Cost-utility analysis assumes that QALYs or DALYs provide a more complete picture of the benefits accruing from a programme as they incorporate the preferences for health states rather than just clinical outcomes. As such it is often claimed that CUA provides the necessary data for allocative efficiency evaluations; if the assumption is made that all else is equal, the preferred health programme is that with the lowest cost per QALY or, with fixed health resources, where there is the greatest gain in the number of QALYs per cost.

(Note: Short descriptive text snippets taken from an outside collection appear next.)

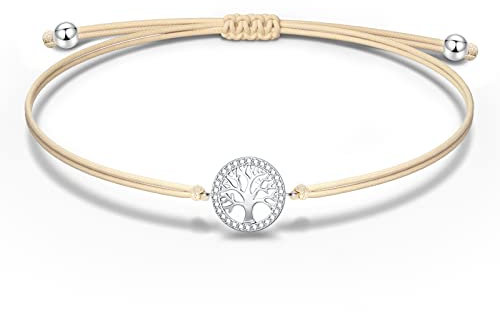 NINAWISH Armband Damen Silber - Freundschaftsarmband, Lebensbaum Kette, Erstkommunion Geschenke für Mädchen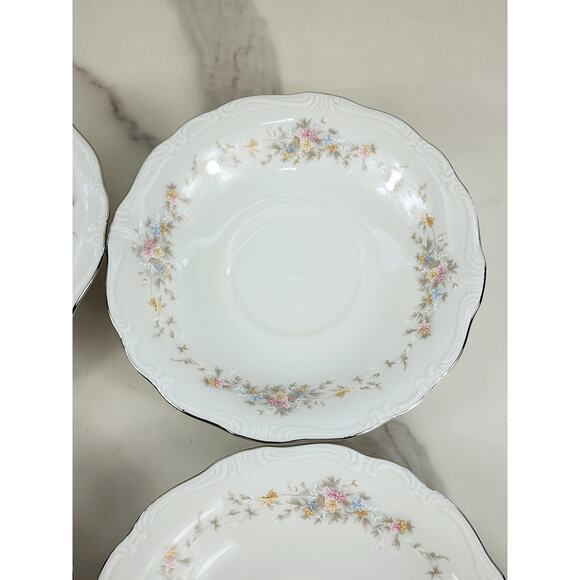 Johann Haviland Floral Splendor Saucers 6 1/4" Silver Trim 80s Germany x4 Vtg - Picture 4 of 16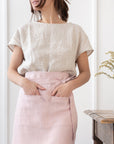 Pastel Plum linen waist apron - Linen Couture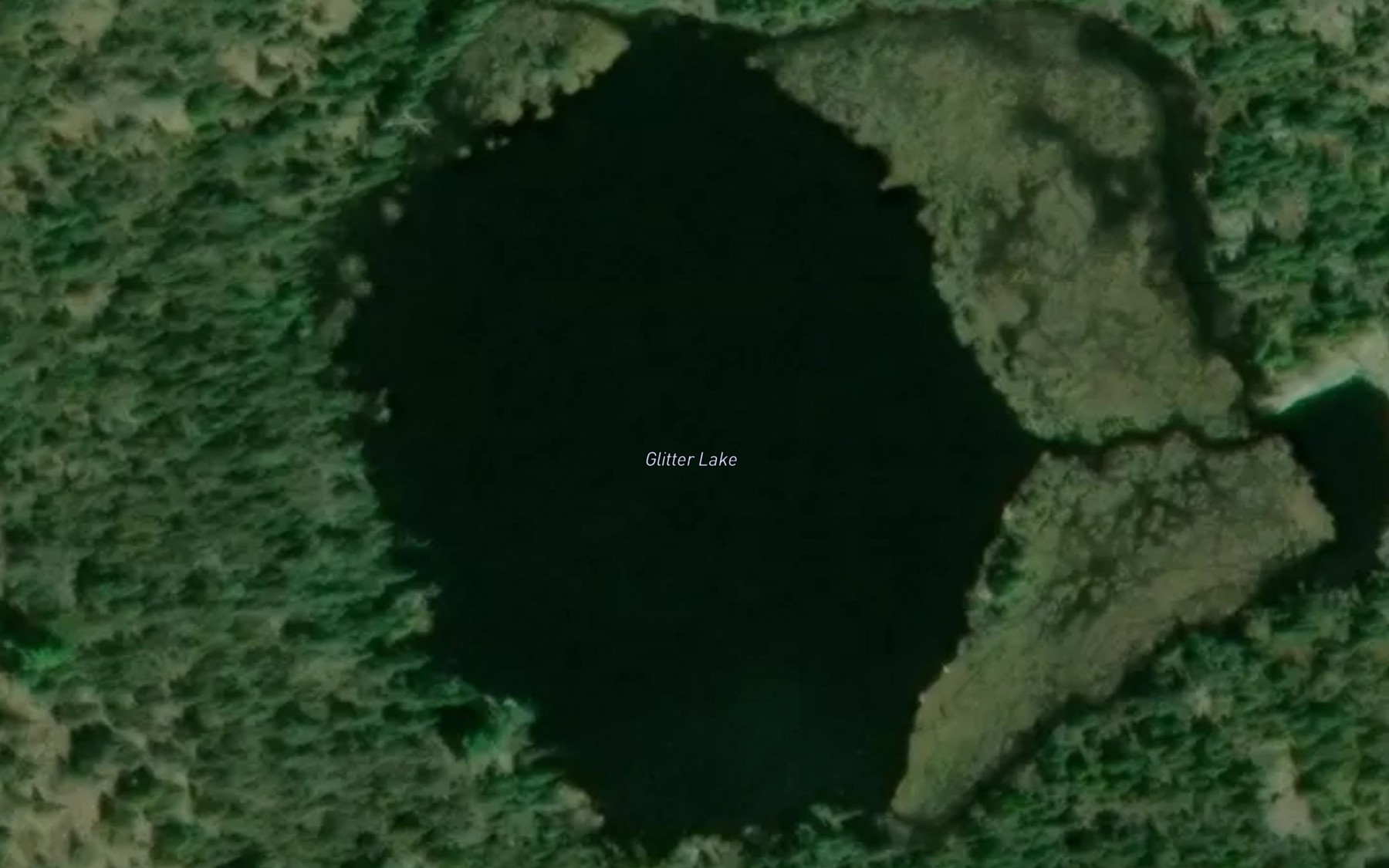 Satellite map of the Glitter Lake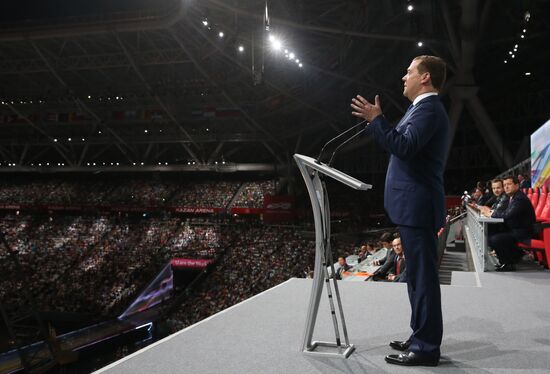 Д.Медведев на XXVII Всемирной летней Универсиаде 2013 в Казани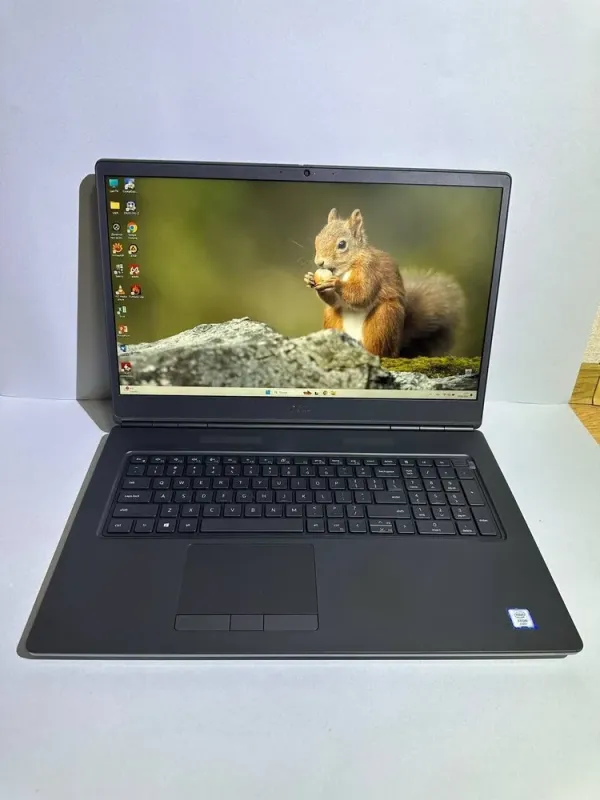 Мобільна робоча станція Dell Precision 7750 / 17.3" (1920х1080) IPS / Intel Xeon W-10885M (8 (16) ядер по 2.4 - 5.3 GHz) / 64 GB DDR4 / 256 GB SSD + 256 GB SSD / nVidia Quadro RTX 3000, 6 GB GDDR6, 192-bit / WebCam / WebCam / Win 11 Pro б/в - зображення 2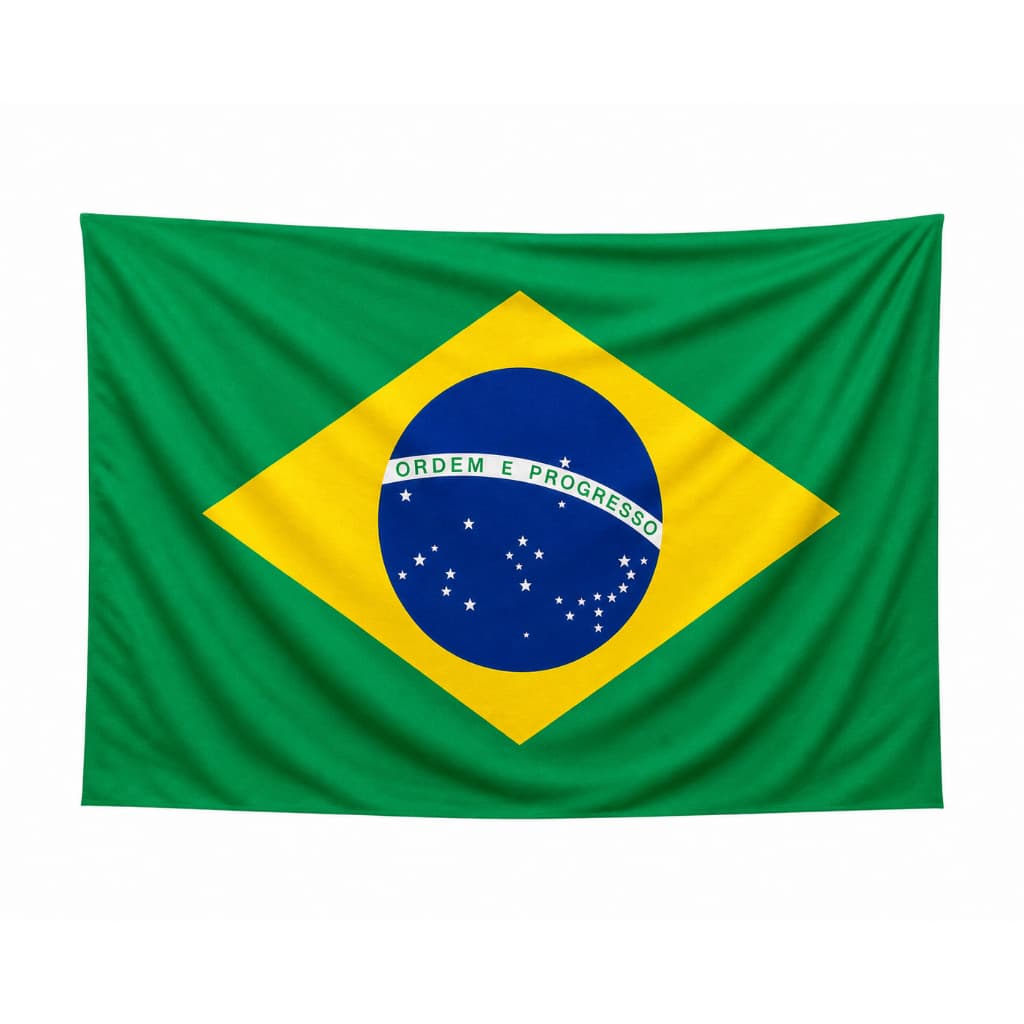 Bandeira do Brasil Microfibra 1,40x100 Corte a laser Alta qualidade Leve e Resistente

Given that CUA depends upon utility measurement, the critical issues in CUA are all related to either utility measurement (discussed above) or to the perspective from which the evaluation is undertaken. Regarding the evaluation perspective, if the health budget is fixed (i.e. a political or social decision has been reached on the proportion of GDP to be allocated to health care), then CUA may be an appropriate method of allocating resources between different programmes such that funds are directed to those programmes producing the most QALYs. As such, it has a role to play in helping to inform resource allocation decisions through making available to decision makers information about the value of programmes.
Given these caveats, many questions remain unanswered at this time regarding the validity of utility measurement and consequently CUA. It would appear that the role of CUA is not sufficiently well defined at this point of time for it to be uncritically accepted. However, this assessment must be balanced by recognition that cost per QALY/DALY is the only evidence available that, for a given disease, a treatment is cost effective when compared with other diseases and treatments; and research to date suggests that cost-effectiveness ratios vary by order of magnitude. Thus the fact that there are problems with CUA should not preclude its use as it is the type of economic analysis which is most informative to policy makers.
The World Bank's World development report 1993: investing in health raised interest in the cost-effectiveness of health systems [48]. However, the methodology for examining the cost-effectiveness of a large number of interventions at once is relatively new; only a handful of studies have been conducted and there are no academic published studies in psychiatry. We describe here an early example from Mauritius [49, 50].
Using the Disability Adjusted Life Year to estimate programme effectiveness in mental health
In 1994, the Government of Mauritius embarked upon a health systems reform programme. A national burden of disease study and subsequently a cost-effectiveness study were undertaken to inform the reform process. Both studies used the DALY as a measure of health outcome [49, 50].
Based on the results of the burden of disease study and discussions with the Ministry of Health and the Ministry of Economic Planning and Development, 12 interventions and 24 potential new interventions were selected for costeffectiveness analyses. A number of existing and prospective interventions for schizophrenia were included.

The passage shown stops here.